# Exercise instructions
Once you find the line with "CARRERA CA304S VVPYK 59 SUNGLASSES" in the data below, transcribe exactly each line from there to the line with "PK71BYC Mazda MX-30", inclusive, and nothing else. Drop the pictures.

Top of Input for this task

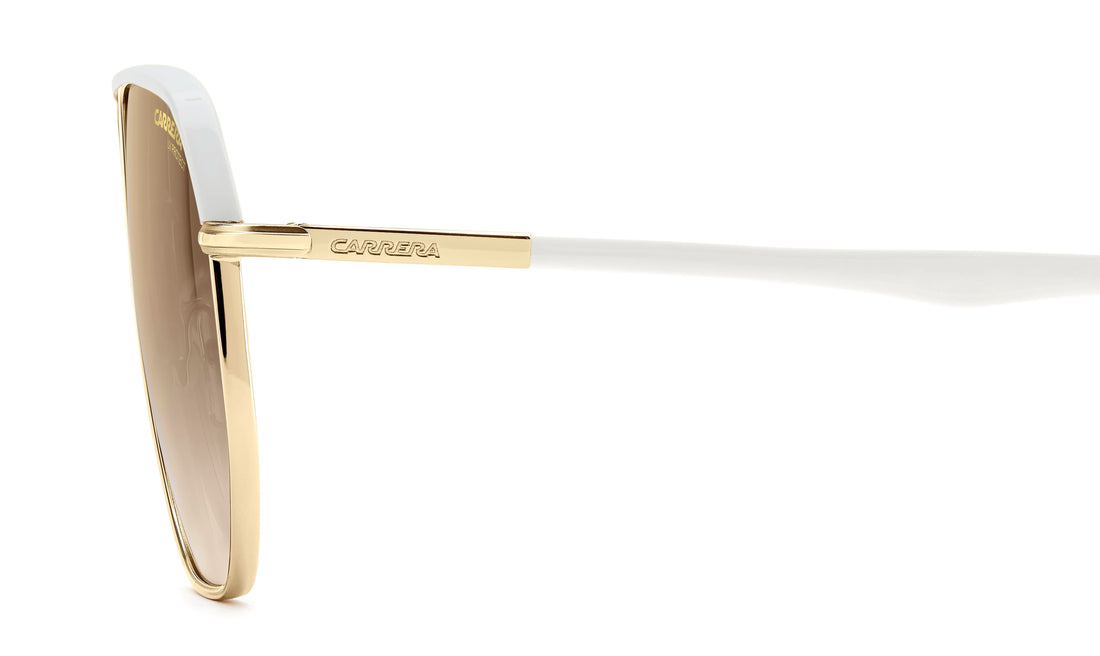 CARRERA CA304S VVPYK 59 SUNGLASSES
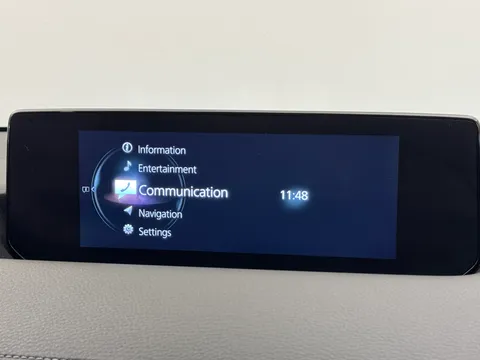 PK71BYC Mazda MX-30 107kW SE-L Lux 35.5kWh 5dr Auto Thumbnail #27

Bottom of Input for this task
Top of Input for this task

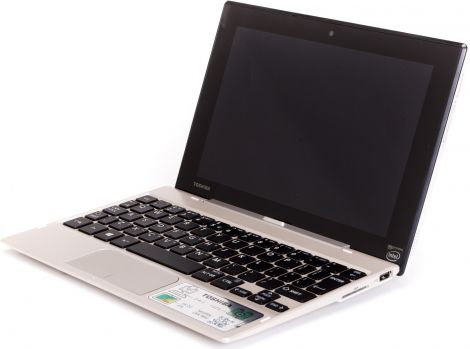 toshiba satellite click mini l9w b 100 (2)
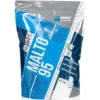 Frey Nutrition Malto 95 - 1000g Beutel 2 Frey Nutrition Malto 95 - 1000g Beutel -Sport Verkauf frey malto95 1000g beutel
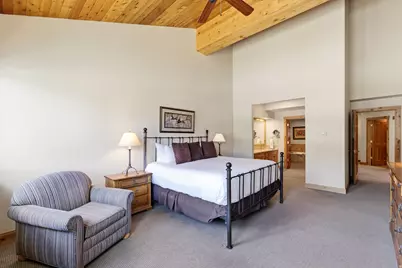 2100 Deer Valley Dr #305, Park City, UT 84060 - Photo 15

Bottom of Input for this task
Top of Input for this task

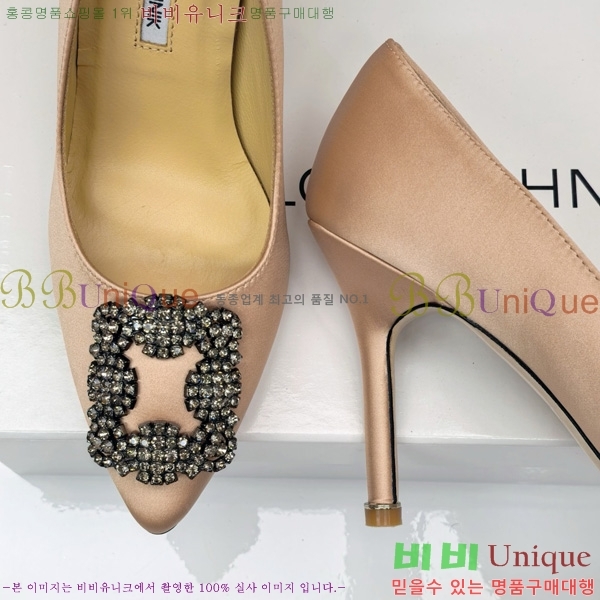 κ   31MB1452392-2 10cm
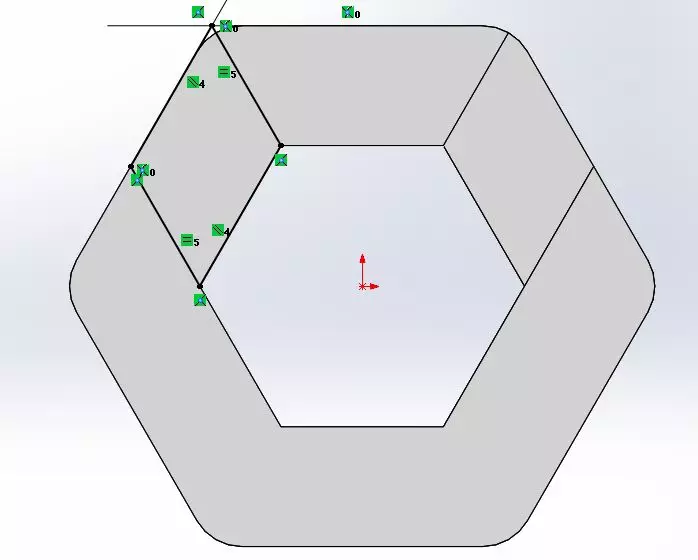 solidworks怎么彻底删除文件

Bottom of Input for this task

# Written answer
 CARRERA CA304S VVPYK 59 SUNGLASSES
 PK71BYC Mazda MX-30 107kW SE-L Lux 35.5kWh 5dr Auto Thumbnail #27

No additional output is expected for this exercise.